ゴールデンパラシュートのメリット・デメリット
ゴールデンパラシュートのメリットは敵対的買収を防ぐことである。 敵対的買収を阻止することができれば、会社の文化、従業員の雇用、取引先との関係などを守ることができる。 一方ゴールデンパラシュートのデメリットは実行までが難しく、機動的な施策ではないことである。上記でも記載した通り、役員退職金の変更・決定は株主総会によって決められるが、ゴールデンパラシュートは株主の利益に直結するとは限らず株主の同意を得られる可能性が小さい。そのため日本においては買収防止策としては有効であるものの、実際に防衛策として利用されるケースは極めて少ない。
ゴールデンパラシュートの活用例
ゴールデンパラシュートは株主や従業員に対する印象があまりよくない防衛策である。 株主や従業員からすれば、「会社が乗っ取られたし、経営陣が会社の資金を持ち逃げした」と思われかねない。 そのため巨額の退職金を現金で受け取るといった露骨な方法が採用されるケースは少ない。実際に採用されるゴールデンパラシュートは、一定の条件で行使されるストックオプションの付与等の形式を取ることが多い。
中小企業におけるゴールデンパラシュート
TOBは上場企業で行われるケースがほとんどであるが、非上場の中小企業が対象となるケースも存在する。 非上場企業では野村ホールディングスがオリオンビールに対しTOBを行い成立した事例がある。

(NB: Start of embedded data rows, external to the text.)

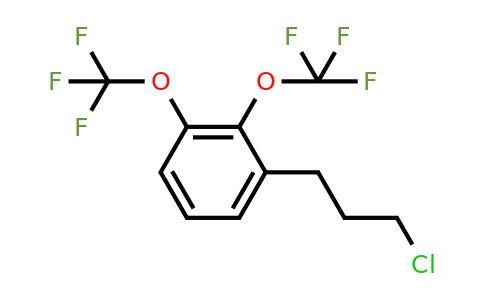 1804199-28-7 | 2,3-Bis(trifluoromethoxy)(3-chloropropyl)benzene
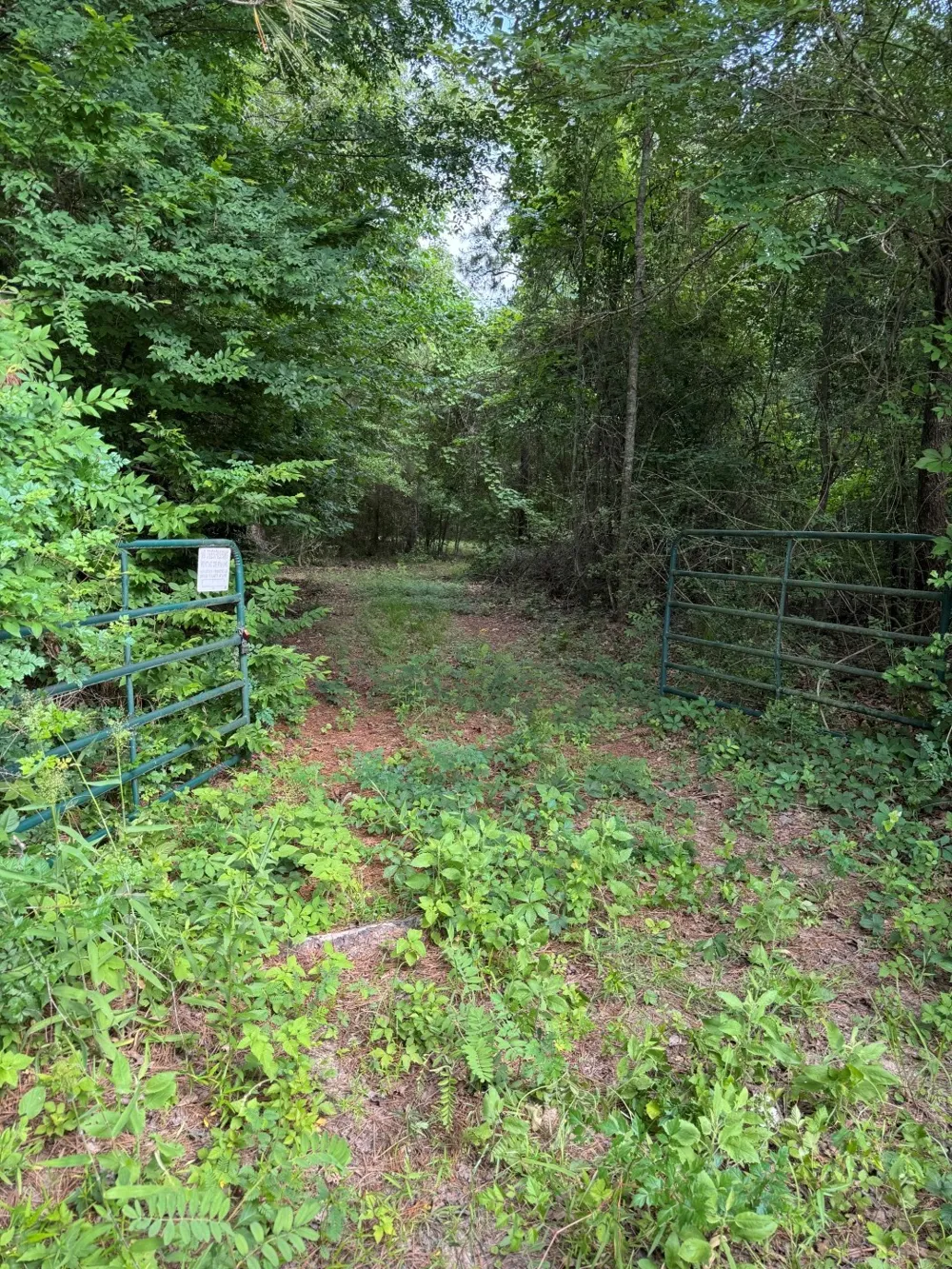 HWY 259 Diana, TX 75640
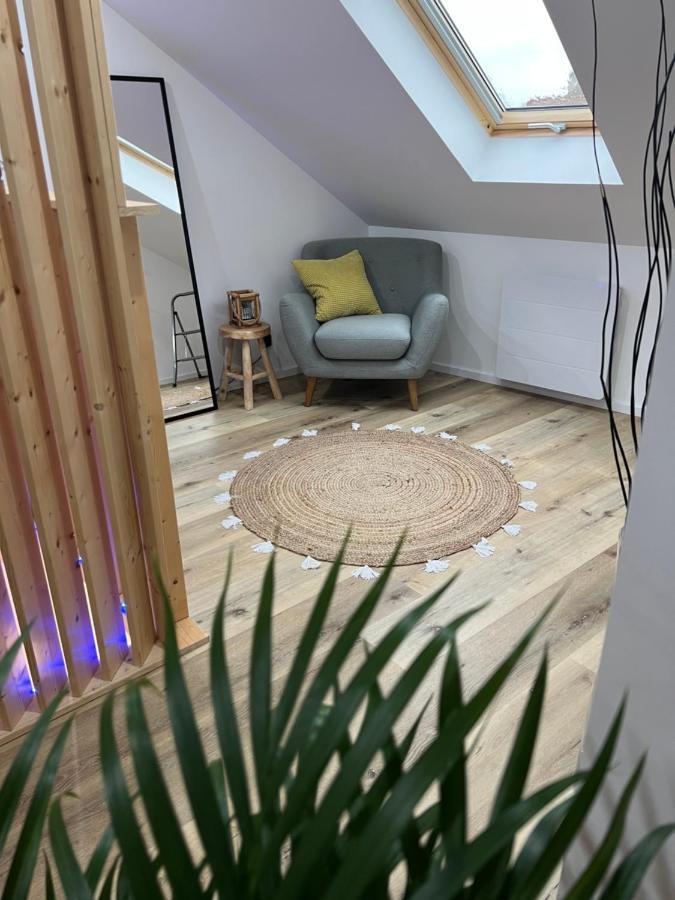 Apartmán Loft Ravissant Avec Parking Gratuit Colmar Exteriér fotografie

このように非上場企業においても株主が分散している場合、敵対的買収を含めTOBが実行されるケースは存在する。 そのため場合によっては非上場企業においても買収防衛策を検討する必要があり、株式の一定数を親族やグループ企業で保有している中小企業においてゴールデンパラシュートは有効な防衛策のひとつと言える。
米国におけるゴールデンパラシュート
米国では敵対的買収が多発した背景があり、1980年代から様々な買収防衛策が生まれた。 米国におけるゴールデンパラシュートに対する投資家の考え方は、「株主の利益には繋がらないため反対」との声がある一方、「ゴールデンパラシュートがあることにより最善の方法を選択できるため、株主の利益に繋がる」との声もある。 米国は日本と比較すると成果主義の考えが強く、役員報酬の金額も高い。こうした背景から日本ではほとんど採用されないゴールデンパラシュートが、米国では一定数採用されている。